◆ WORK ORDER: Using the records below, transcribe word for word the stretch from the line that contains "Now</a></p><p>Posh Prestige Emerald" through the line that contains "Music room showing", both end lines included, and nothing else.

◆ MATERIAL SUPPLIED:
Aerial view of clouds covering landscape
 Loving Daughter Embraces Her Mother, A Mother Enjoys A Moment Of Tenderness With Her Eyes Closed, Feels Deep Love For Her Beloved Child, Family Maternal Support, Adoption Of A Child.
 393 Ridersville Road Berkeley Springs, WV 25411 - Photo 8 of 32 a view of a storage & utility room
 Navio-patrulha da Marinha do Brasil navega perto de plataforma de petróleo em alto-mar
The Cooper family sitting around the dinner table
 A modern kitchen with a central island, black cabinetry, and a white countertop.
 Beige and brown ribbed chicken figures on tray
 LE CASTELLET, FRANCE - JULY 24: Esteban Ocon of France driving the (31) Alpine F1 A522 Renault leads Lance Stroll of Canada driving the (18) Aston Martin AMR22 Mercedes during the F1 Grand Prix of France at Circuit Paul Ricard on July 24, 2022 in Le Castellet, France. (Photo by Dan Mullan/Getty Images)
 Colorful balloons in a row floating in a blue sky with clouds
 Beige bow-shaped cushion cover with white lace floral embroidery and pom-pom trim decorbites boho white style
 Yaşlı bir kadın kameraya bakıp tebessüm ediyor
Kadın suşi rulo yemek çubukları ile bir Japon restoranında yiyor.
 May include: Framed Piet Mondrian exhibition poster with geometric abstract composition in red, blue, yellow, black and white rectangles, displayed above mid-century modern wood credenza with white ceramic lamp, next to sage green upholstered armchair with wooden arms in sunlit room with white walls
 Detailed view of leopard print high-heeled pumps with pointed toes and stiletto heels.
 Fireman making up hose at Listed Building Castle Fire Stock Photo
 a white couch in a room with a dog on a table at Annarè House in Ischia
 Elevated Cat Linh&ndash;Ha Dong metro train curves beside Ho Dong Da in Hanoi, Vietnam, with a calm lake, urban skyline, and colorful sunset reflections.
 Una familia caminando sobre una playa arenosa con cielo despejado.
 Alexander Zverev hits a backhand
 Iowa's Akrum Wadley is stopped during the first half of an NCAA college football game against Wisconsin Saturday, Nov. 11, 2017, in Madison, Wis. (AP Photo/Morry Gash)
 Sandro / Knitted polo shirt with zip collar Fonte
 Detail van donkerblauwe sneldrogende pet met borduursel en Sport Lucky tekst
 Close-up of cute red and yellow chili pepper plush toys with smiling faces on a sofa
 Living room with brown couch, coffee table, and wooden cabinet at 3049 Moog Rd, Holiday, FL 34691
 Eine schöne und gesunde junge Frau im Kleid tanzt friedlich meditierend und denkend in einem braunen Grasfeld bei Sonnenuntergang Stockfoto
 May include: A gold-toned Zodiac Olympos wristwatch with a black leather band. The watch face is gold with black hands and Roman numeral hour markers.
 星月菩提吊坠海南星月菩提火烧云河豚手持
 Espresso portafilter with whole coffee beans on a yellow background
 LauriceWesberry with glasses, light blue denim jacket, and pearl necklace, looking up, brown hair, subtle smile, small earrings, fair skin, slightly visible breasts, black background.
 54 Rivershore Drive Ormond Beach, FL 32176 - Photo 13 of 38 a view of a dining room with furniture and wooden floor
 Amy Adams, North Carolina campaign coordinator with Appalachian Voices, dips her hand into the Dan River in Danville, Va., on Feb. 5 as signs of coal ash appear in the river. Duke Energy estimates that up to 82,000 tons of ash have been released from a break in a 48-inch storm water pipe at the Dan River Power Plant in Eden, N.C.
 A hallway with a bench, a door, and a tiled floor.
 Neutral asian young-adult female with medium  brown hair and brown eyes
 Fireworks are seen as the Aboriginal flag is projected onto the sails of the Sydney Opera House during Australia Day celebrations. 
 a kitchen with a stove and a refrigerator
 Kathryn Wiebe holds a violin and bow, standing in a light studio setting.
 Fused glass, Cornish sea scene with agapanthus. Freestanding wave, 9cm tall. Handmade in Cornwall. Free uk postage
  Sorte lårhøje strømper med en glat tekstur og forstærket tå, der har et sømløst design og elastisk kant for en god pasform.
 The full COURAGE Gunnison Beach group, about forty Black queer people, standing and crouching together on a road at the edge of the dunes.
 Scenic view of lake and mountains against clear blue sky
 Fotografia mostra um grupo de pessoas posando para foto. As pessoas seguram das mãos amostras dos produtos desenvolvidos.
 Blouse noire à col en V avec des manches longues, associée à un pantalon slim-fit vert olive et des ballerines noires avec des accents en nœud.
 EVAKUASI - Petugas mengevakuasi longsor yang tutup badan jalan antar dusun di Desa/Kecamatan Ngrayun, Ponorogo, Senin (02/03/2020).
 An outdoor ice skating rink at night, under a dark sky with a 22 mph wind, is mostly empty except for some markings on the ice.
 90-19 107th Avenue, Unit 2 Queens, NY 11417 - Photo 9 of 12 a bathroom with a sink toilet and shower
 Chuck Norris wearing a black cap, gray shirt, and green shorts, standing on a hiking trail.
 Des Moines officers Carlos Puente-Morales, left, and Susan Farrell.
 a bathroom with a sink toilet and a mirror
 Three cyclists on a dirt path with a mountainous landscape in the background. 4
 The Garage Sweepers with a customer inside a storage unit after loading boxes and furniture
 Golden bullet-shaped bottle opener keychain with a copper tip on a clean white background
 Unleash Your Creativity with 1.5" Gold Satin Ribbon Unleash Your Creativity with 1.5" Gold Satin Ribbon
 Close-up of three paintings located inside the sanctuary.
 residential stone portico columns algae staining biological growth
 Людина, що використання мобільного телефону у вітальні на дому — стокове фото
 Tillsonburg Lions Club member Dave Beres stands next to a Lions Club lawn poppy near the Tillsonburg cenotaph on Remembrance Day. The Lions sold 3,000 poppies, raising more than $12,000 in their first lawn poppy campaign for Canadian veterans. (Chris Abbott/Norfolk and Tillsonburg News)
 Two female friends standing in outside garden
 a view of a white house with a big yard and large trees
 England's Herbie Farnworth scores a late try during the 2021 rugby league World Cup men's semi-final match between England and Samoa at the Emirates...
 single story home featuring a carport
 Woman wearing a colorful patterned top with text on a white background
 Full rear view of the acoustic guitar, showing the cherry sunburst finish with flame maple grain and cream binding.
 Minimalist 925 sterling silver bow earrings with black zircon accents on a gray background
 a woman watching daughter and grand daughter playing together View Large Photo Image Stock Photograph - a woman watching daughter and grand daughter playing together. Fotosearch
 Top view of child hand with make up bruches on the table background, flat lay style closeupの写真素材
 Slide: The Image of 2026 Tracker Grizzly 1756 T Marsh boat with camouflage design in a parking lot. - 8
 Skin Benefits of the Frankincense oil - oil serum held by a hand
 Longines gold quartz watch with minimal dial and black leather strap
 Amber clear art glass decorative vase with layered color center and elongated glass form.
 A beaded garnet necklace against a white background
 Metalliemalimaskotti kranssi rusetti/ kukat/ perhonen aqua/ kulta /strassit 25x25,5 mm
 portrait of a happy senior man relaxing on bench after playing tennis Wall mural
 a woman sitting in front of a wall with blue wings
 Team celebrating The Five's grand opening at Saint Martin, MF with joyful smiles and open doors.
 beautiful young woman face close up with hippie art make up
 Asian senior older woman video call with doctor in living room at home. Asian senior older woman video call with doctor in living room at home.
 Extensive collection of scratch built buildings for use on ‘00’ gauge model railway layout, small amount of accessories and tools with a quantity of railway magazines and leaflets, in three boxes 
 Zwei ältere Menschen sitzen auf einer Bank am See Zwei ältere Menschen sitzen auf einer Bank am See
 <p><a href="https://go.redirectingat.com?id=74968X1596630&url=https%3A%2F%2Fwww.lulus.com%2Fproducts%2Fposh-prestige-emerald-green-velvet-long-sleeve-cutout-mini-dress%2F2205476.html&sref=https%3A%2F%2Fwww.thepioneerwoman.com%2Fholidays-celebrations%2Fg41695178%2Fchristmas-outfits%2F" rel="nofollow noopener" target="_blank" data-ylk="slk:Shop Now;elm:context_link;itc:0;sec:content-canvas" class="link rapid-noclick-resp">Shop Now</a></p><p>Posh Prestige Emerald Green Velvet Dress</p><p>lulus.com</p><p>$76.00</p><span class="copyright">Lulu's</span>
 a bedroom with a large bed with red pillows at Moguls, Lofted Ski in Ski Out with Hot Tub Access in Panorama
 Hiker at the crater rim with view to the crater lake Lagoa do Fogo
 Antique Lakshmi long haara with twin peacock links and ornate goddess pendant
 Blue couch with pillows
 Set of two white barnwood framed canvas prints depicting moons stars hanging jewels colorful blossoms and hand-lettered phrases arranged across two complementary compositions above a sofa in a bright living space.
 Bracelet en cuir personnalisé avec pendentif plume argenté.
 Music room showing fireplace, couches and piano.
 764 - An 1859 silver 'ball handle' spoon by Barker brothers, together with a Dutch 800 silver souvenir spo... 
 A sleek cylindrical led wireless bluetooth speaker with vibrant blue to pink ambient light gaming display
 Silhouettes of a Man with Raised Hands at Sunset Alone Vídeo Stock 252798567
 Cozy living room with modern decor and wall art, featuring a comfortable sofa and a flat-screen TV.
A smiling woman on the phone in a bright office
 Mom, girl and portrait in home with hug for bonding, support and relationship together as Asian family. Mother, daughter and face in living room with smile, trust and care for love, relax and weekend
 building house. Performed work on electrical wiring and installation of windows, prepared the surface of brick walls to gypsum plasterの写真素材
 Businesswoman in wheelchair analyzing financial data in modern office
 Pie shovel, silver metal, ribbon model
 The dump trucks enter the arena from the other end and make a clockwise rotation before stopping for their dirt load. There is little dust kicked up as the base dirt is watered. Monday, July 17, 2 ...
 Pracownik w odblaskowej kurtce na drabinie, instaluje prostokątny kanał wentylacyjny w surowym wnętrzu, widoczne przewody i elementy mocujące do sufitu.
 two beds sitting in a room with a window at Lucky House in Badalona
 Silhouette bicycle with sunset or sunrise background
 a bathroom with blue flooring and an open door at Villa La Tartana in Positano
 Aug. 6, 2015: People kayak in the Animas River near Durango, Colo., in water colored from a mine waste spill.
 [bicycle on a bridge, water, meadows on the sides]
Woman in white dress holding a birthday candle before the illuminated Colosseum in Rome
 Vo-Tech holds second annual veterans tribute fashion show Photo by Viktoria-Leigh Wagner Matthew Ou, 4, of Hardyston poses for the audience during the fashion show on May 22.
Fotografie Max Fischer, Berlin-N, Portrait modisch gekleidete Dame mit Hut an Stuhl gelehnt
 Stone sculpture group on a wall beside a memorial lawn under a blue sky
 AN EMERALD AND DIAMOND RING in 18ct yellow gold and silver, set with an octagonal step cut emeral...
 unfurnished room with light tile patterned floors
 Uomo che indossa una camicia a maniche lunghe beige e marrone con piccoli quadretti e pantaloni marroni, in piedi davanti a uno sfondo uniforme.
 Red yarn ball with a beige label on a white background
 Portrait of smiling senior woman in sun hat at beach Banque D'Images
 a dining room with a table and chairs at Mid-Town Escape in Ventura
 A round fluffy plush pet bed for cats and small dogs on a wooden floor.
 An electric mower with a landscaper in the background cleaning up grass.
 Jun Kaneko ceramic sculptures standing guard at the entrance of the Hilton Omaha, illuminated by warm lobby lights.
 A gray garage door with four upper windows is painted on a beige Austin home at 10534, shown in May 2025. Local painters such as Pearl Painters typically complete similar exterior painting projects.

◆ RESULT FOR THIS EXERCISE:
 <p><a href="https://go.redirectingat.com?id=74968X1596630&url=https%3A%2F%2Fwww.lulus.com%2Fproducts%2Fposh-prestige-emerald-green-velvet-long-sleeve-cutout-mini-dress%2F2205476.html&sref=https%3A%2F%2Fwww.thepioneerwoman.com%2Fholidays-celebrations%2Fg41695178%2Fchristmas-outfits%2F" rel="nofollow noopener" target="_blank" data-ylk="slk:Shop Now;elm:context_link;itc:0;sec:content-canvas" class="link rapid-noclick-resp">Shop Now</a></p><p>Posh Prestige Emerald Green Velvet Dress</p><p>lulus.com</p><p>$76.00</p><span class="copyright">Lulu's</span>
 a bedroom with a large bed with red pillows at Moguls, Lofted Ski in Ski Out with Hot Tub Access in Panorama
 Hiker at the crater rim with view to the crater lake Lagoa do Fogo
 Antique Lakshmi long haara with twin peacock links and ornate goddess pendant
 Blue couch with pillows
 Set of two white barnwood framed canvas prints depicting moons stars hanging jewels colorful blossoms and hand-lettered phrases arranged across two complementary compositions above a sofa in a bright living space.
 Bracelet en cuir personnalisé avec pendentif plume argenté.
 Music room showing fireplace, couches and piano.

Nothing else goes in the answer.